■ ACTIVITY ■
Only the lines below from the one that contains "a small bedroom" through the one that contains "2233 Martin, Unit" should appear in your answer, exact and without pictures.

RECORD EXCERPTS section start

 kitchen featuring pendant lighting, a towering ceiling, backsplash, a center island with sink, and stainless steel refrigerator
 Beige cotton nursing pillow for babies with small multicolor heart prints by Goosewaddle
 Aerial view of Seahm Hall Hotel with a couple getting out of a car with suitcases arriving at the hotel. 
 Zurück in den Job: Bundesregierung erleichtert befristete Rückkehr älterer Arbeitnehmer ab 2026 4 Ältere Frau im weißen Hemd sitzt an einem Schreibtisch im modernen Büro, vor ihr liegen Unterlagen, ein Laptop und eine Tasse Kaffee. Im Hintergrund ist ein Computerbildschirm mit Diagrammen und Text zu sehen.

RECORD EXCERPTS section end
RECORD EXCERPTS section start

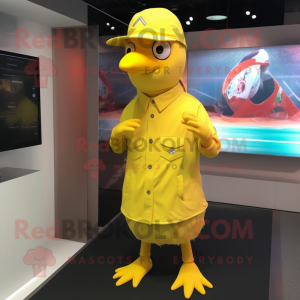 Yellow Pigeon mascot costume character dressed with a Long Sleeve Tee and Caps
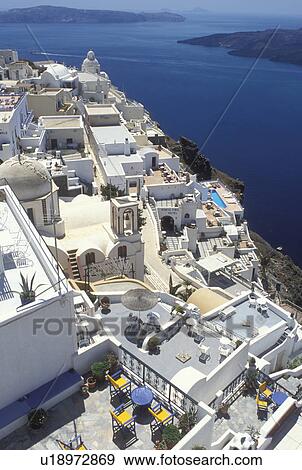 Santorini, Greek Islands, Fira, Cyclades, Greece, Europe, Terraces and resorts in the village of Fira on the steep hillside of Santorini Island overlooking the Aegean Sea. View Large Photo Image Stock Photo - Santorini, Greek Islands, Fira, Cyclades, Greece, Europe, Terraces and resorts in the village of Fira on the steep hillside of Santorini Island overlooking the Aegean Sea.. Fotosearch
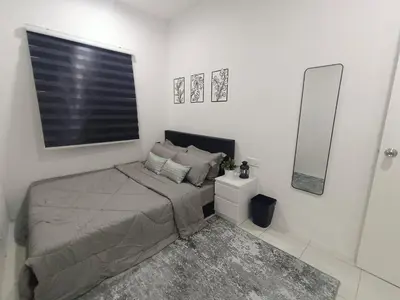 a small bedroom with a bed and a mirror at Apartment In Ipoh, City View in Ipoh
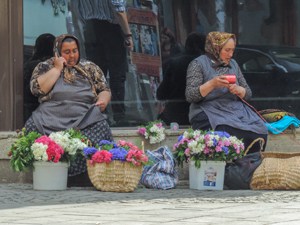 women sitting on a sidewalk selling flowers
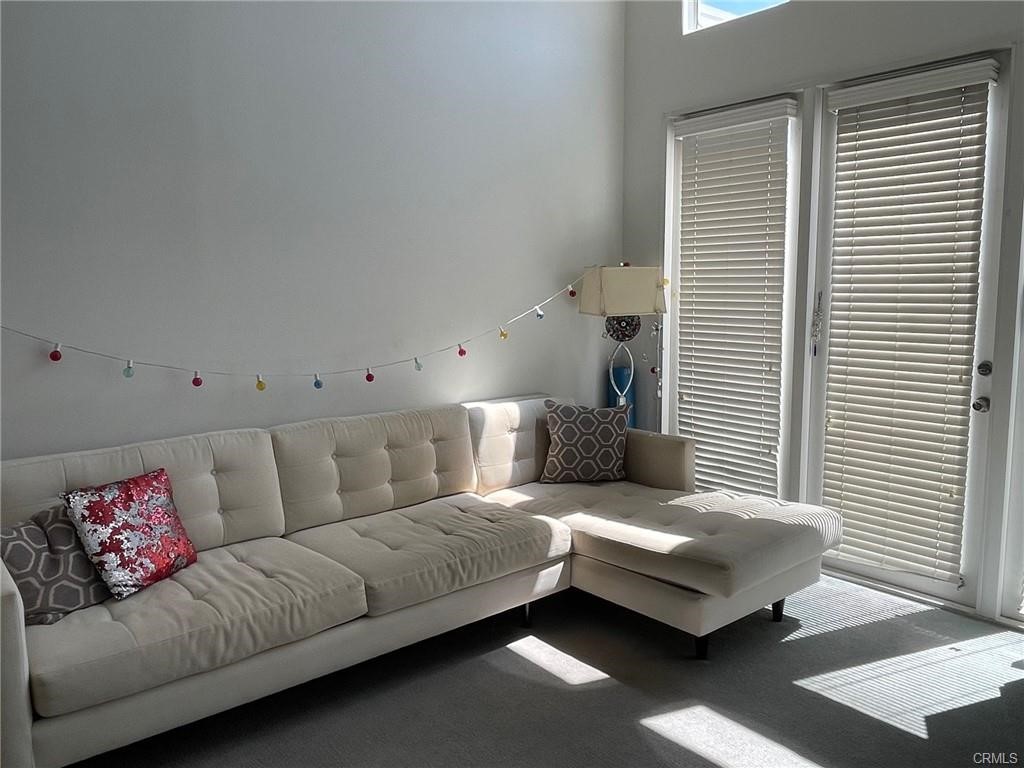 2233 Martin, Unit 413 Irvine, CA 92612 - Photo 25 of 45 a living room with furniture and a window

RECORD EXCERPTS section end

■ SOLUTION ■
 a small bedroom with a bed and a mirror at Apartment In Ipoh, City View in Ipoh
 women sitting on a sidewalk selling flowers
 2233 Martin, Unit 413 Irvine, CA 92612 - Photo 25 of 45 a living room with furniture and a window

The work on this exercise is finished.